Our goal is to create a hash function that minimizes the number of collisions, is easy to compute, and evenly distributes the items in the hash table. There are a number of common ways to extend the simple remainder method. We will consider a few of them here.
The folding method for constructing hash functions begins by dividing the item into equal-size pieces (the last piece may not be of equal size). These pieces are then added together to give the resulting hash value. For example, if our item was the phone number 436-555-4601, we would take the digits and divide them into groups of 2 (43,65,55,46,01). After the addition, \(43+65+55+46+01\), we get 210. If we assume our hash table has 11 slots, then we need to perform the extra step of dividing by 11 and keeping the remainder. In this case \(210\ \%\ 11\) is 1, so the phone number 436-555-4601 hashes to slot 1. Some folding methods go one step further and reverse every other piece before the addition. For the above example, we get \(43+56+55+64+01 = 219\) which gives \(219\ \%\ 11 = 10\).
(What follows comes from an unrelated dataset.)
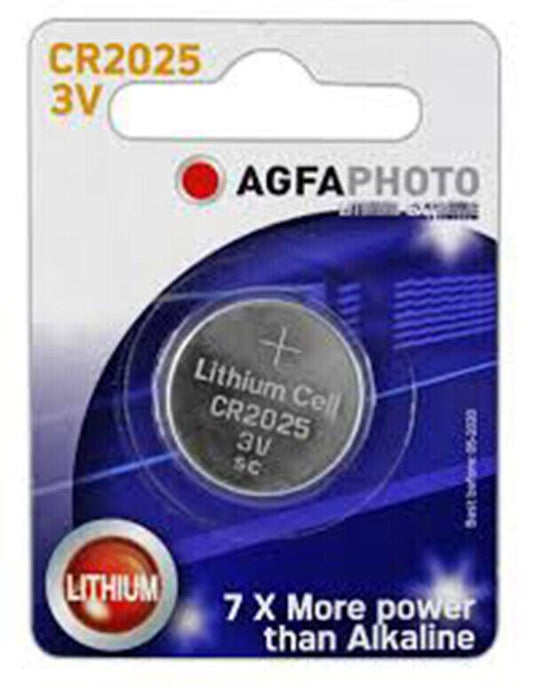 Agfa CR2025 3v Lithium Battery for Camera, Watch, Calculator (UK Stock) BNIP NEW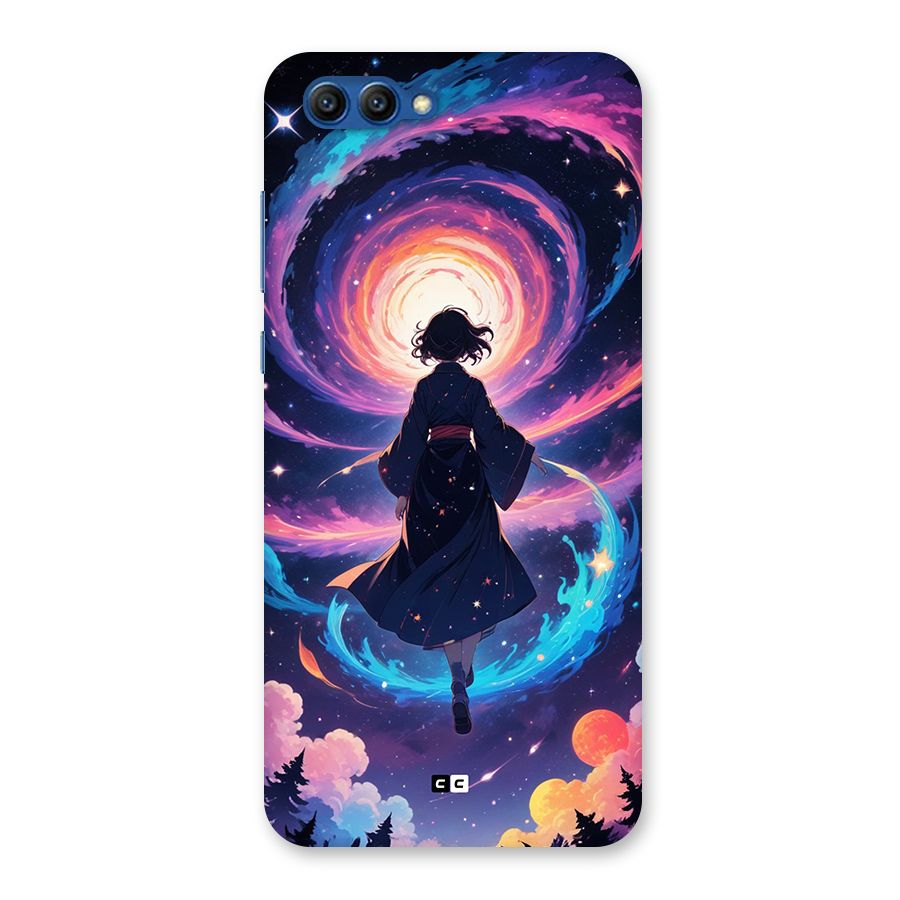 Anime Galaxy Girl Back Case for Honor View 10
Another numerical technique for constructing a hash function is called the mid-square method. We first square the item, and then extract some portion of the resulting digits. For example, if the item were 44, we would first compute \(44 ^{2} = 1,936\). By extracting the middle two digits, 93, and performing the remainder step, we get 5 (\(93\ \%\ 11\)). Table 5 shows items under both the remainder method and the mid-square method. You should verify that you understand how these values were computed.
| Item | Remainder | Mid-Square |
|---|---|---|
| 54 | 10 | 3 |
| 26 | 4 | 7 |
| 93 | 5 | 9 |
| 17 | 6 | 8 |
| 77 | 0 | 4 |
| 31 | 9 | 6 |
{Comparison of Remainder and Mid-Square Methods}
We can also create hash functions for character-based items such as strings. The word “cat” can be thought of as a sequence of ordinal values.
>>> ord('c')
99
>>> ord('a')
97
>>> ord('t')
116
We can then take these three ordinal values, add them up, and use the remainder method to get a hash value (see Figure 6). Listing 5 shows a function called hash that takes a string and a table size and returns the hash value in the range from 0 to tablesize-1.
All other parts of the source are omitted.